Luckily, I’m not always high on poppers so I’m able to take a few deep breaths and remind myself that it’s normal to feel nervous and have anxiety dreams during periods of change, even if it’s “good,” self-imposed change. In fact, I think these nervous rumblings and nightmares (seriously, I wake up in a cold sweat) are unavoidable, at least if you’re human — a concept I’m still trying to get comfortable with. Yet while these feelings (sorry, I hate the “f” word too…) may be unavoidable, they are definitely manageable, as long as you keep telling yourself it’s OK to prepare for the worst but not OK to expect it. (Although, I guarantee I’ll look both ways before crossing any Chilean streets even if I have the right-away. I’m not ready to let Jimmy Fallon let me die in a freak bean incident.)

When it comes down to it, there’s no use worrying about sh*t that hasn’t happened yet. And even if sh*t does happen (save for being killed by that ironic bean truck), it’s not the end of the world. If there’s anything I’ve learned from living in DC, it’s that every dead end is just another opportunity to explore a new direction.

And for me, Chile is a new direction that I plan to explore by going all in with no fear or reservations.
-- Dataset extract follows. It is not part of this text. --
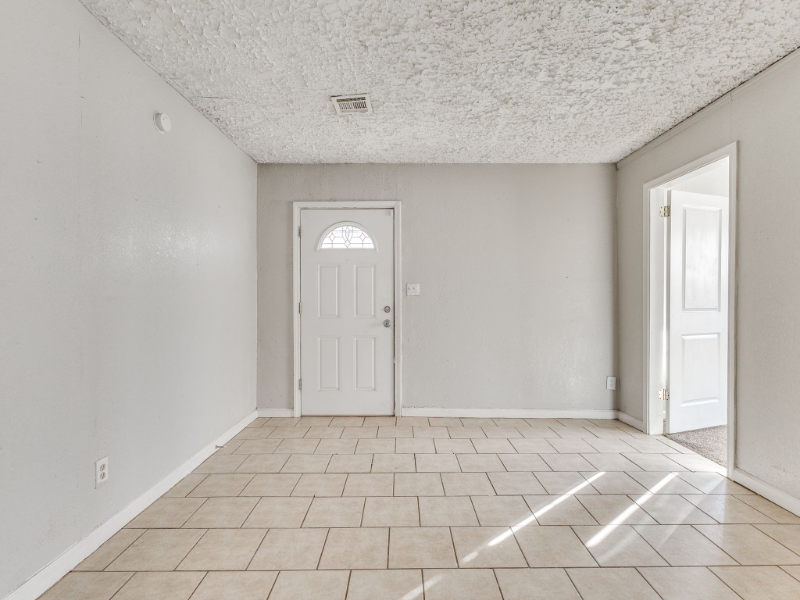 1127 E 26th Pl N - Photo 6 of 19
I’m sure it’ll be scary as hell to show up in Santiago that first day, but I have the feeling it’ll be like ripping off a Band-Aid. Or jumping into a cold swimming pool. Or dealing with Omar when he comes to steal your stash. It might be uncomfortable — probably even scary, maybe even Jimmy-Fallon-stand-up-routine-scary — but it won’t last forever.

OK, that last one was a bad example. If Chile is to Omar as I would be to dealing with Omar coming to steal my stash (assuming I had a stash…of poppers), I. Am. F*cked…
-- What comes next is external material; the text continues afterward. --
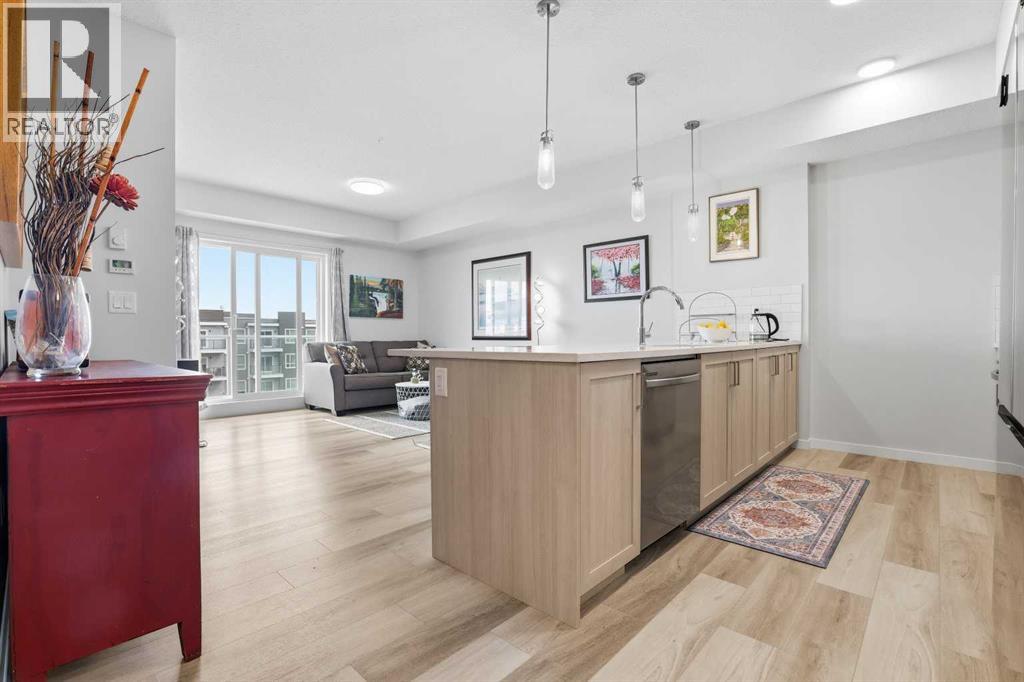 #3420 33 Carringham Gate NW - 5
Sheeeeeeeeeeeeeeeeeeeeeeeeeeeeeiiiiiiiiiiiiiit.

By the way, one of my biggest fears is not being able to finish all five seasons of The Wire before I go. I’m not even done with Season 3 and I only have a week left! Oh no! I know!

***

On a lighter, more illogical and definitely more moronic note, I’ll see you at Chief Ike’s (1725 Columbia Rd. in Adams Morgan) tonight around eight o’clock, yes? It’ll mark the official end of The Anti DC (may its archives continue to offend) and also the last opportunity you have to punch me in the throat. See you later!